Data for this task>
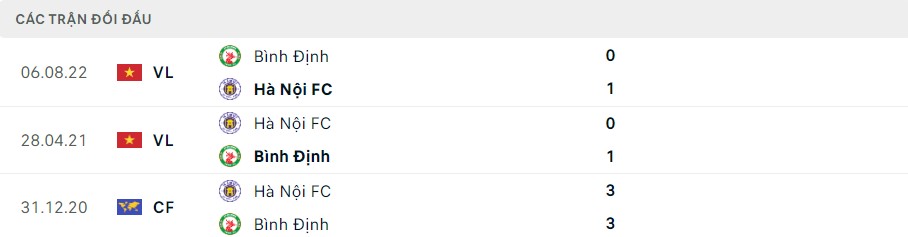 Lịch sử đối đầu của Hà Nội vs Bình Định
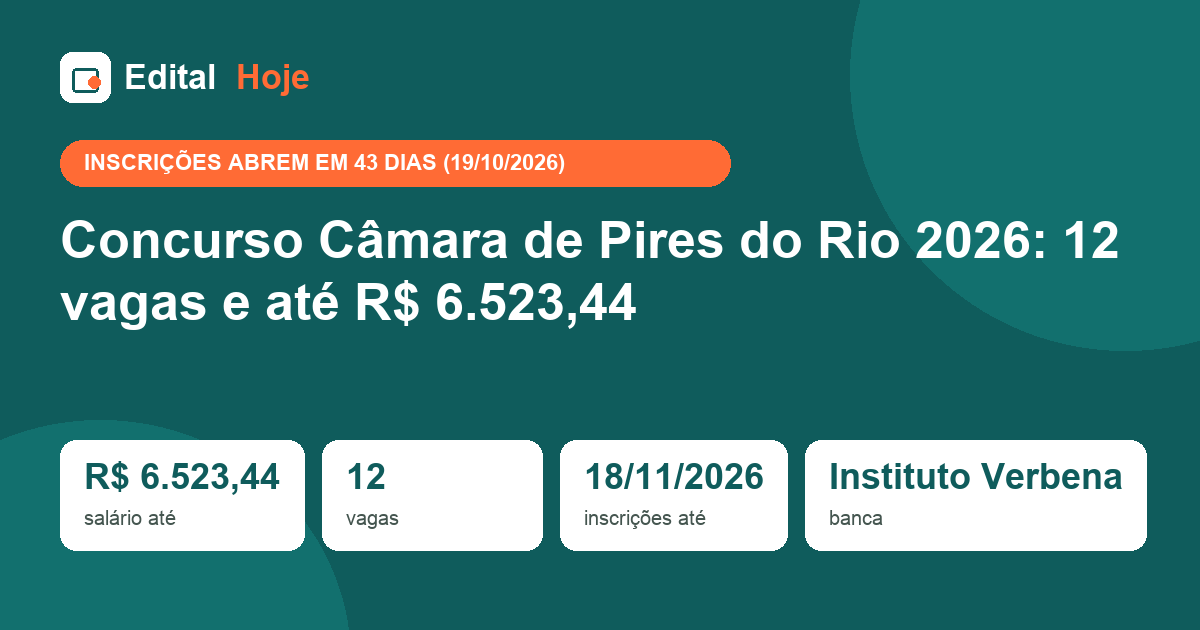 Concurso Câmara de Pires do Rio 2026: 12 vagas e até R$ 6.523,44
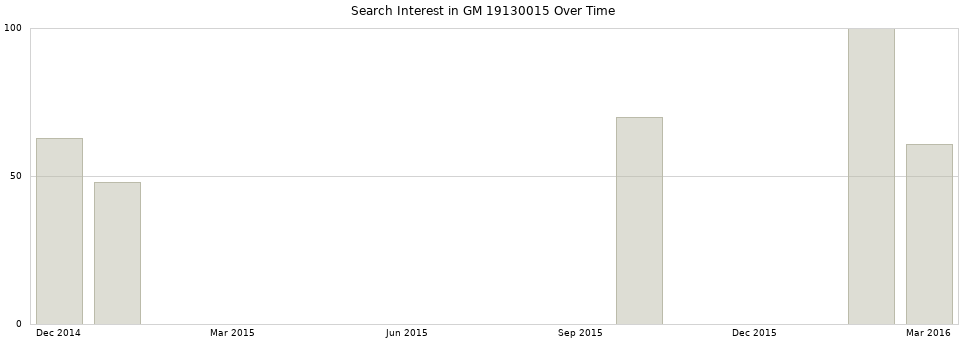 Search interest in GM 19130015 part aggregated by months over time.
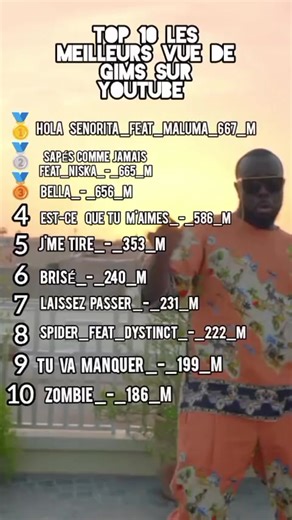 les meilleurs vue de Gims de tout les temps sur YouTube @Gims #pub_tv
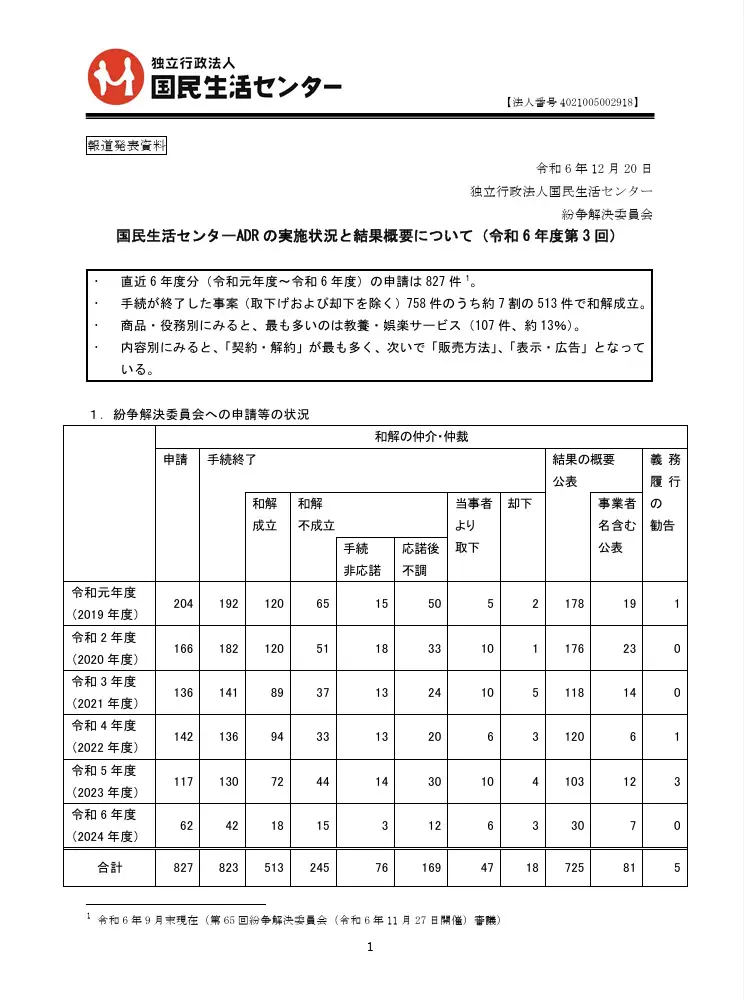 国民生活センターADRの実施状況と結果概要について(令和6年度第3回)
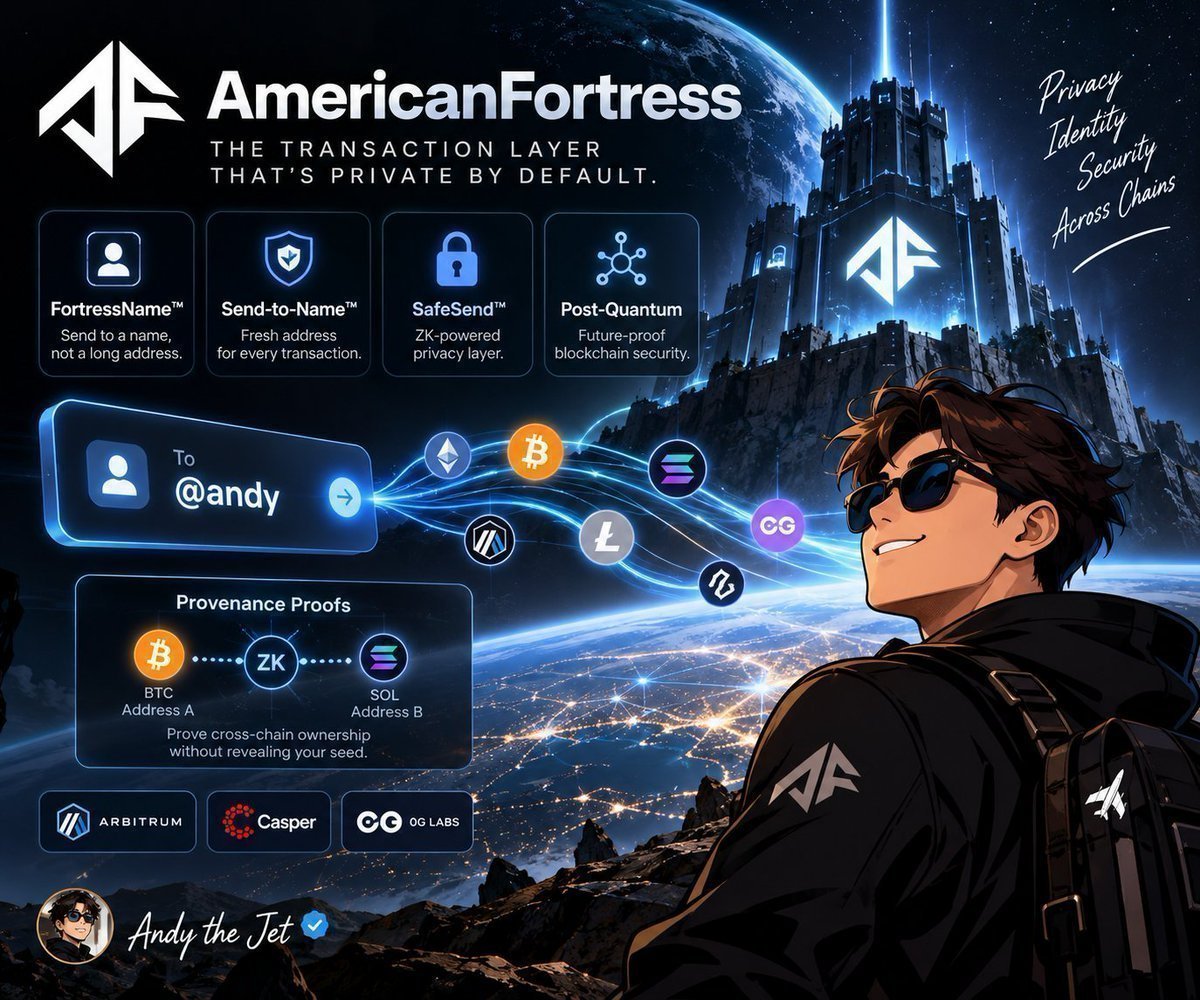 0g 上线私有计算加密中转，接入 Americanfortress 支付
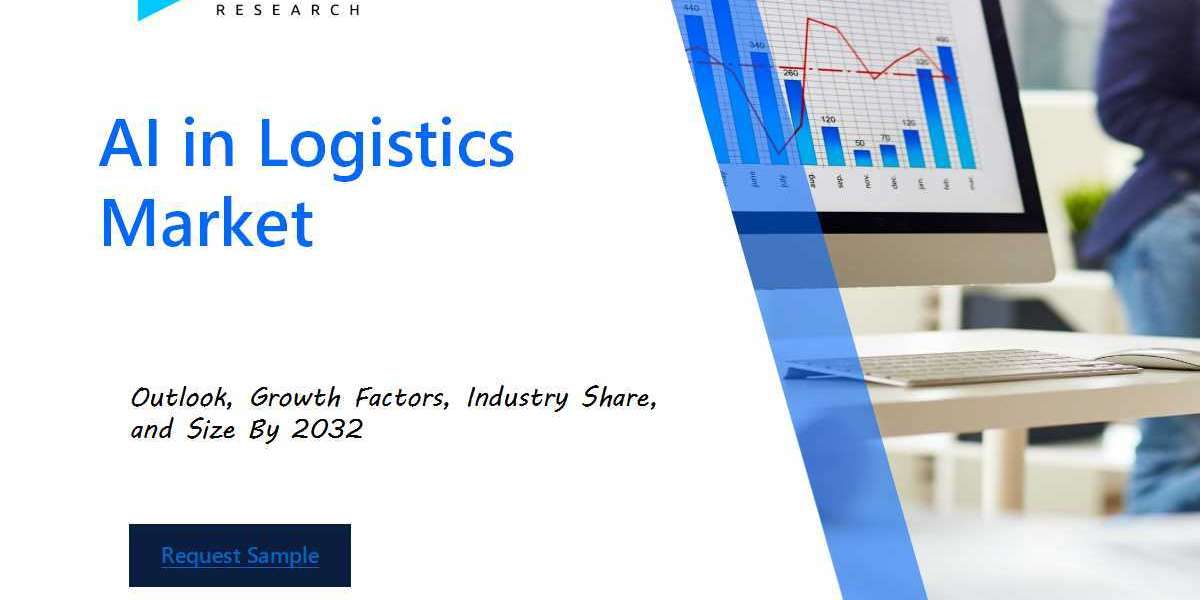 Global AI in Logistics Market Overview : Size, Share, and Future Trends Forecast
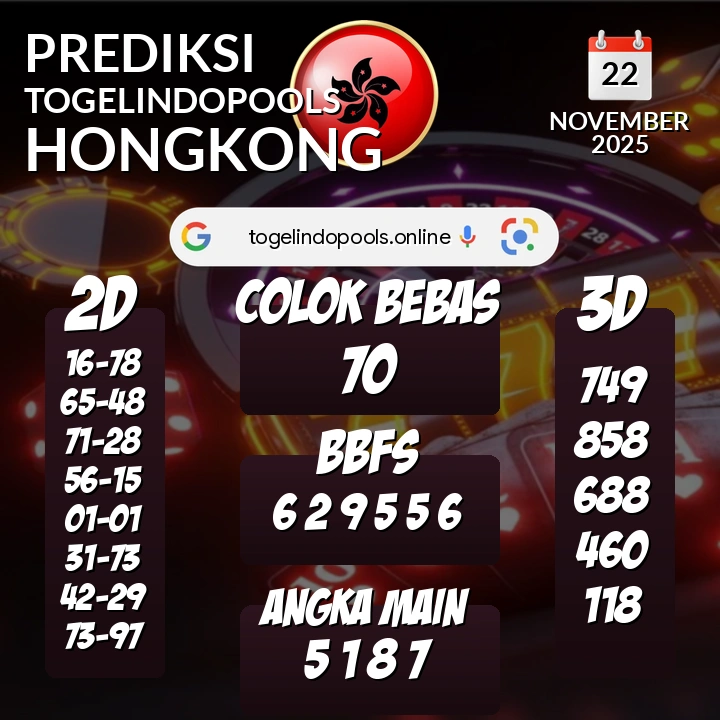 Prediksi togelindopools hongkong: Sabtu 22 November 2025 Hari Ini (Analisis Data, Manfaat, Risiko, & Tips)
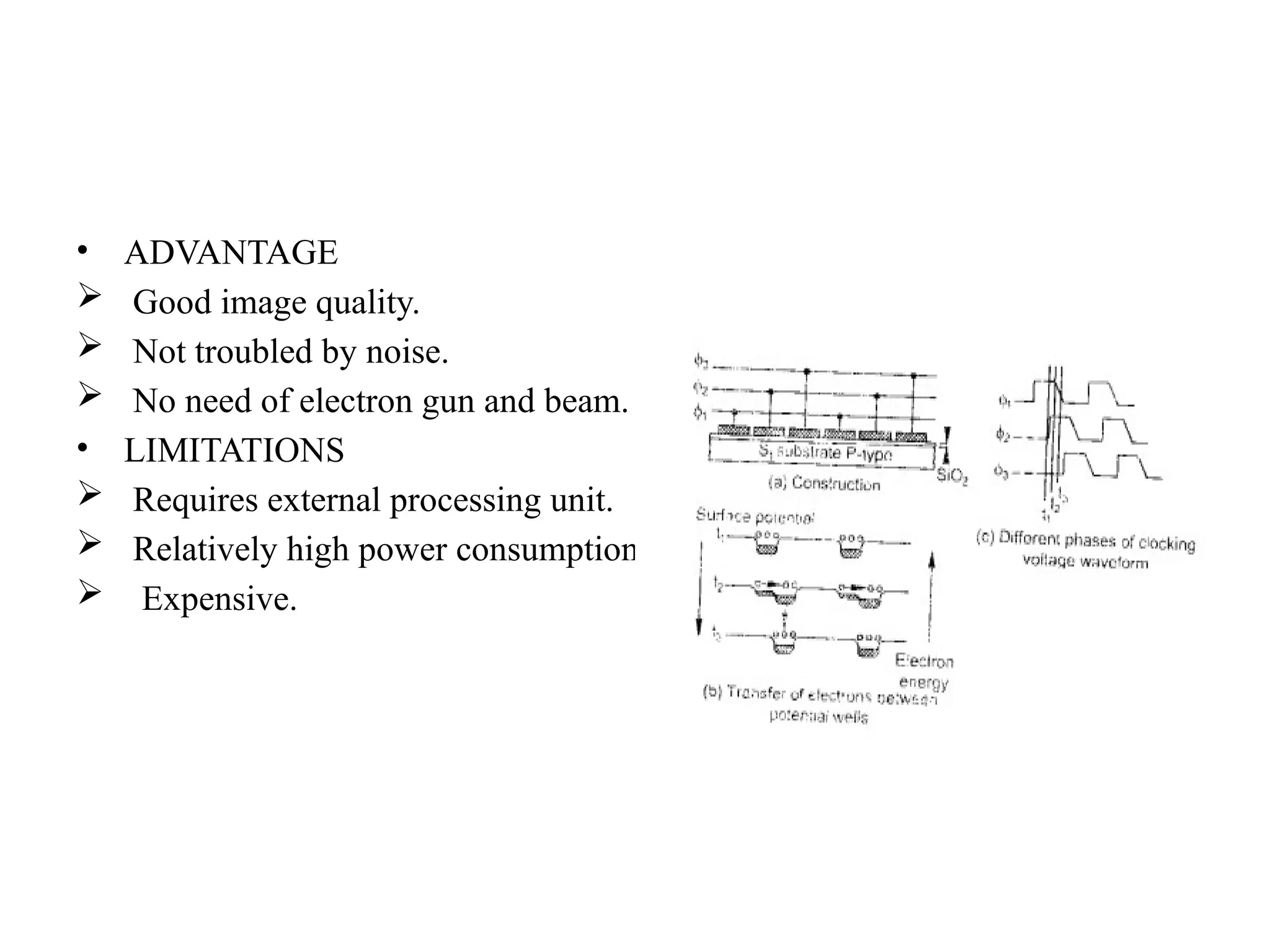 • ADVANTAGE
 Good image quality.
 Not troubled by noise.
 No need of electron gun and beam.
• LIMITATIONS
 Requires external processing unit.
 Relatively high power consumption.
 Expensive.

Activity> Range to copy from the listing above: the line with "Search interest in" through the line with "Global AI in". Transcribe it exactly and skip the pictures.

Expected output>
 Search interest in GM 19130015 part aggregated by months over time.
 les meilleurs vue de Gims de tout les temps sur YouTube @Gims #pub_tv
 国民生活センターADRの実施状況と結果概要について(令和6年度第3回)
 0g 上线私有计算加密中转，接入 Americanfortress 支付
 Global AI in Logistics Market Overview : Size, Share, and Future Trends Forecast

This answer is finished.